*** Opening of INPUT RECORDS ***

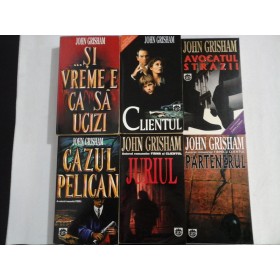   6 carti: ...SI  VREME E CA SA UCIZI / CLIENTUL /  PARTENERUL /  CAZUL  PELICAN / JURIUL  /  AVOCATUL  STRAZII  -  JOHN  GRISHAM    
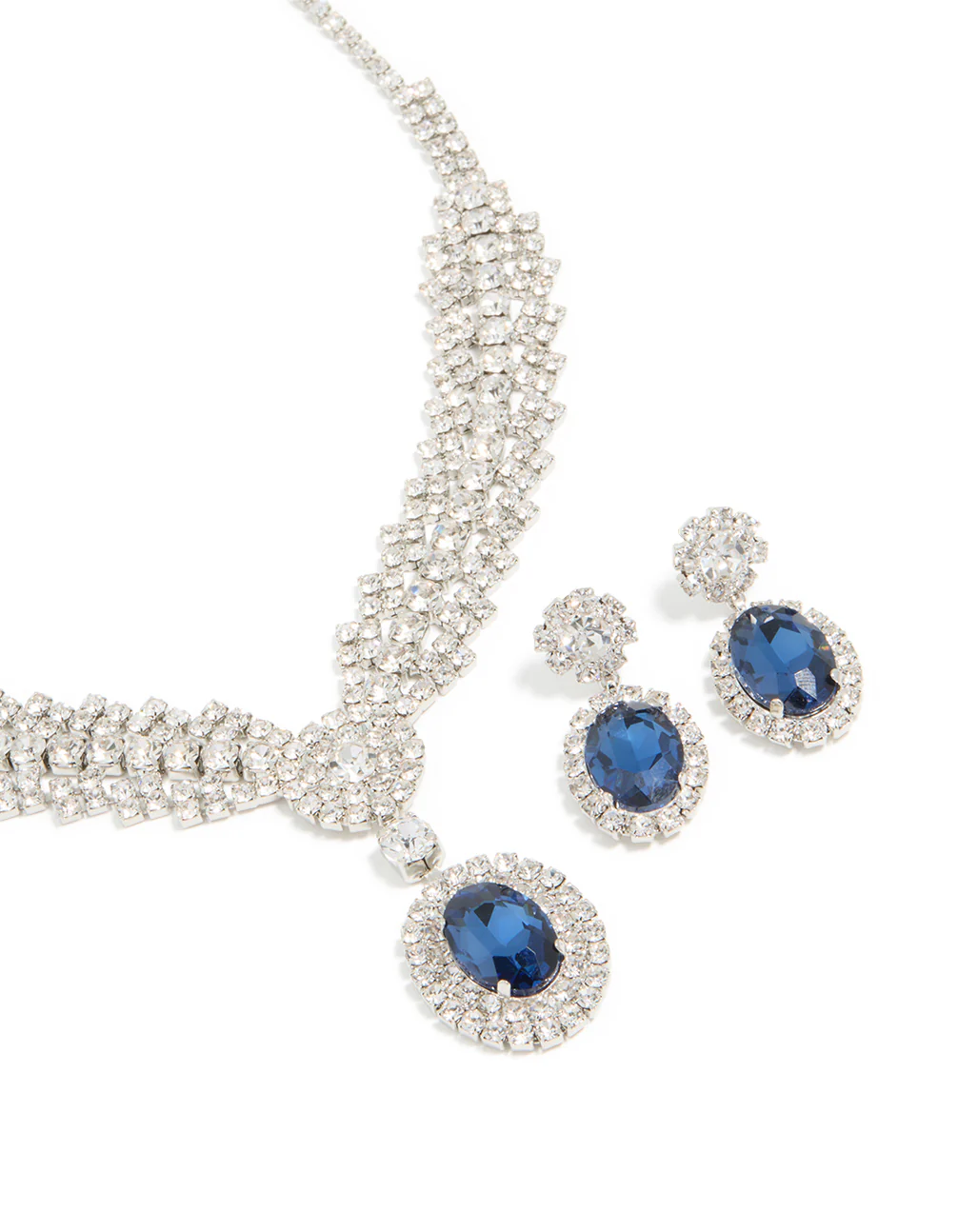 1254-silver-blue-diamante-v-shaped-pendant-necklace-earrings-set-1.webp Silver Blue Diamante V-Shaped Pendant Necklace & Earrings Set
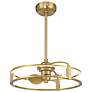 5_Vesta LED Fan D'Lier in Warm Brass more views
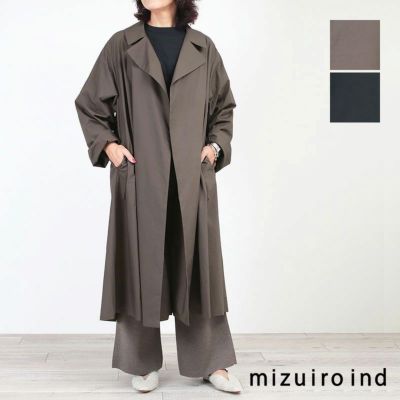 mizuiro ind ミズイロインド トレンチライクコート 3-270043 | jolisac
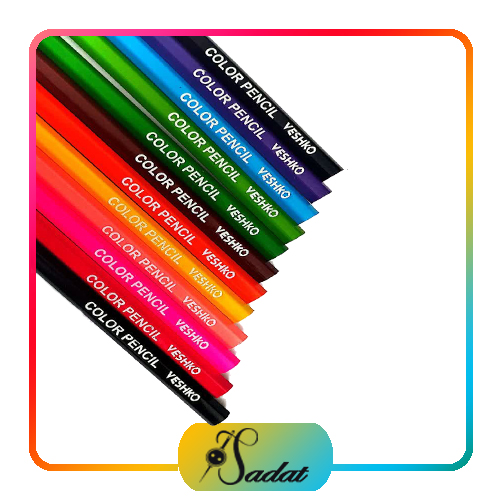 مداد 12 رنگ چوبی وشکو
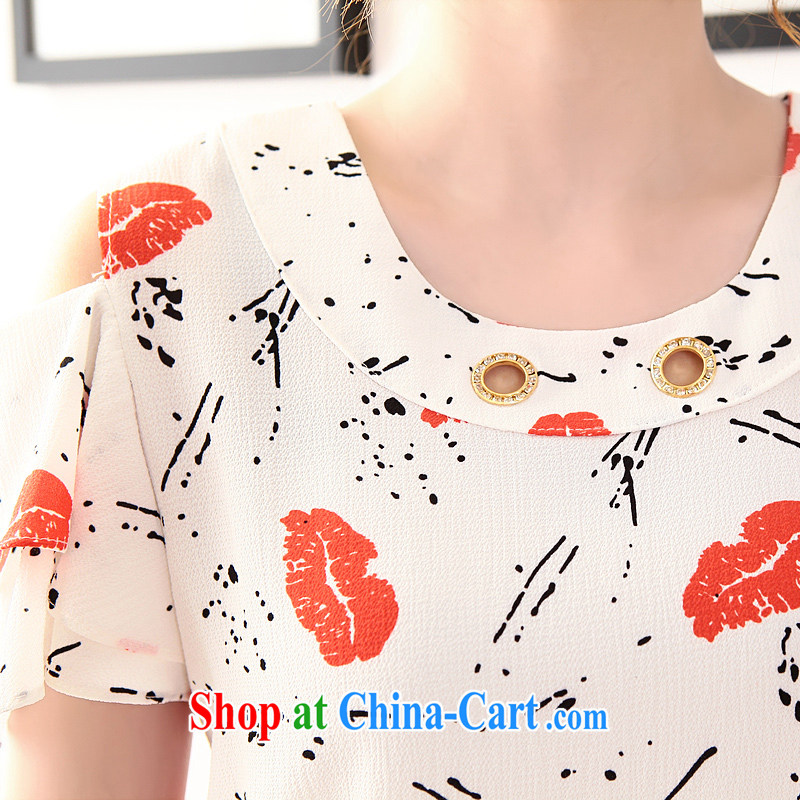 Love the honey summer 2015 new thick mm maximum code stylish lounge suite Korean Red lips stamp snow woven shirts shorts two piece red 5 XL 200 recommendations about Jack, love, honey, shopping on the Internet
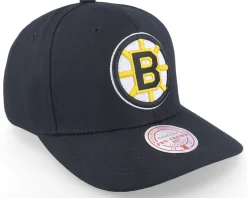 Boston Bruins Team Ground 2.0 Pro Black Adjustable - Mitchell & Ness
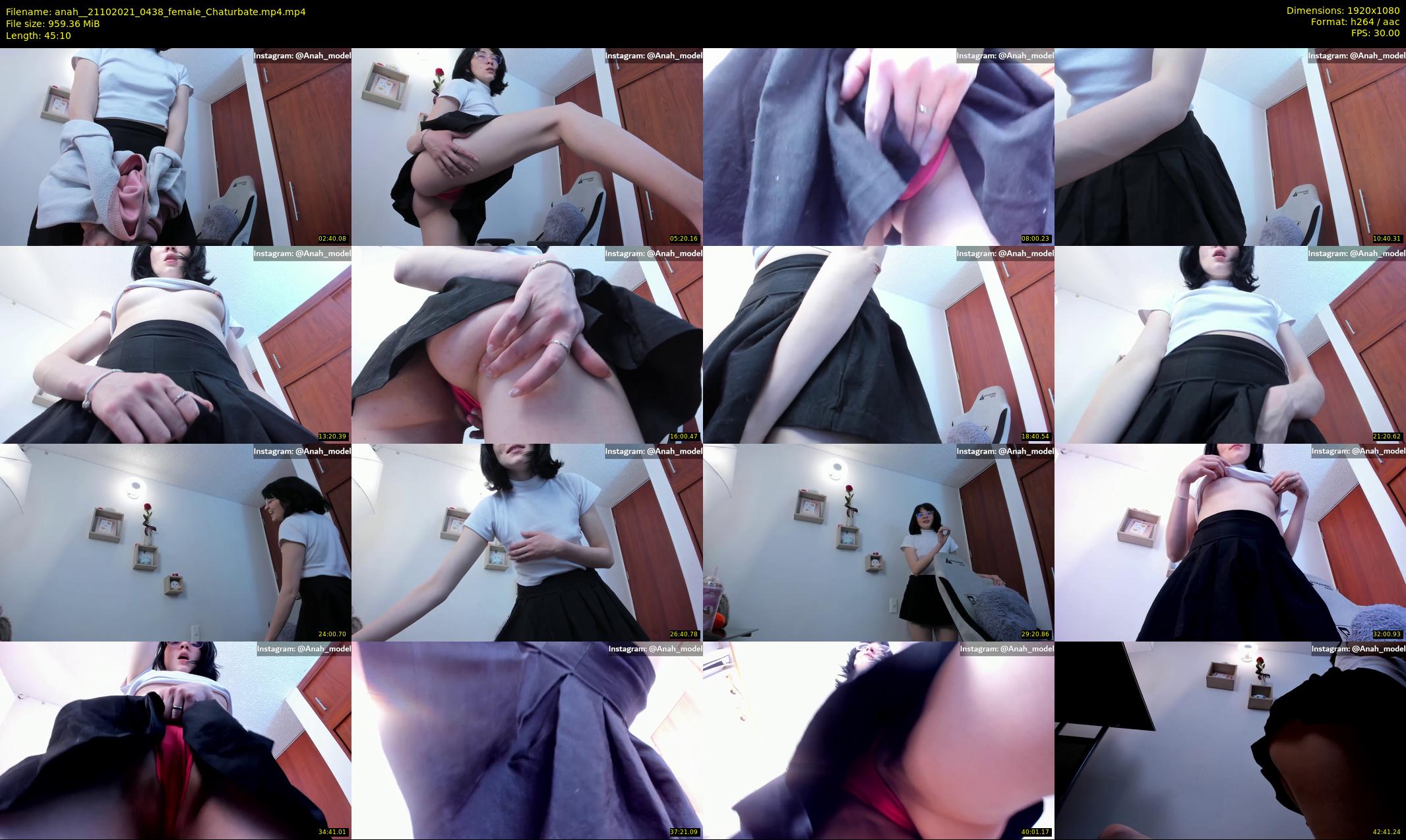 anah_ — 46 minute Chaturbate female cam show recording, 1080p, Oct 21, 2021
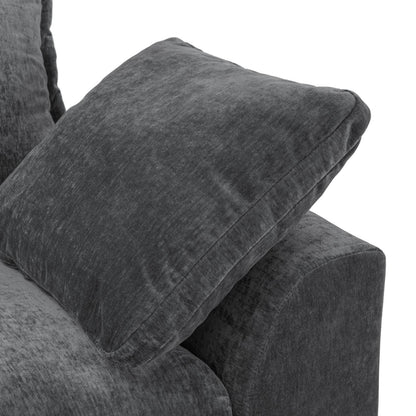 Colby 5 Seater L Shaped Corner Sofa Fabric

*** Close of INPUT RECORDS ***
*** Opening of INPUT RECORDS ***

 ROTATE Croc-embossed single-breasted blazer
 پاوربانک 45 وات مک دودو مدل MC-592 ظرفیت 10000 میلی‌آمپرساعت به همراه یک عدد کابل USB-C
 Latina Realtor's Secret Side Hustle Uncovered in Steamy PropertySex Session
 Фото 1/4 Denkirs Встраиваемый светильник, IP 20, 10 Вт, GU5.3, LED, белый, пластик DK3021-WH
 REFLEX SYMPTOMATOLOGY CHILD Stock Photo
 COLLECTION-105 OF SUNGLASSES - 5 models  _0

*** Close of INPUT RECORDS ***

= EXERCISE GOAL =
Would you give again, exactly, the lines in the data above that run from the line containing "6 carti: ...SI" to the line containing "Colby 5 Seater L Shaped Corner Sofa Fabric"? Include both ends and no pictures.

= SOLUTION TO THIS TASK =
   6 carti: ...SI  VREME E CA SA UCIZI / CLIENTUL /  PARTENERUL /  CAZUL  PELICAN / JURIUL  /  AVOCATUL  STRAZII  -  JOHN  GRISHAM    
 1254-silver-blue-diamante-v-shaped-pendant-necklace-earrings-set-1.webp Silver Blue Diamante V-Shaped Pendant Necklace & Earrings Set
 5_Vesta LED Fan D'Lier in Warm Brass more views
 mizuiro ind ミズイロインド トレンチライクコート 3-270043 | jolisac
 مداد 12 رنگ چوبی وشکو
 Love the honey summer 2015 new thick mm maximum code stylish lounge suite Korean Red lips stamp snow woven shirts shorts two piece red 5 XL 200 recommendations about Jack, love, honey, shopping on the Internet
 Boston Bruins Team Ground 2.0 Pro Black Adjustable - Mitchell & Ness
 anah_ — 46 minute Chaturbate female cam show recording, 1080p, Oct 21, 2021
 Colby 5 Seater L Shaped Corner Sofa Fabric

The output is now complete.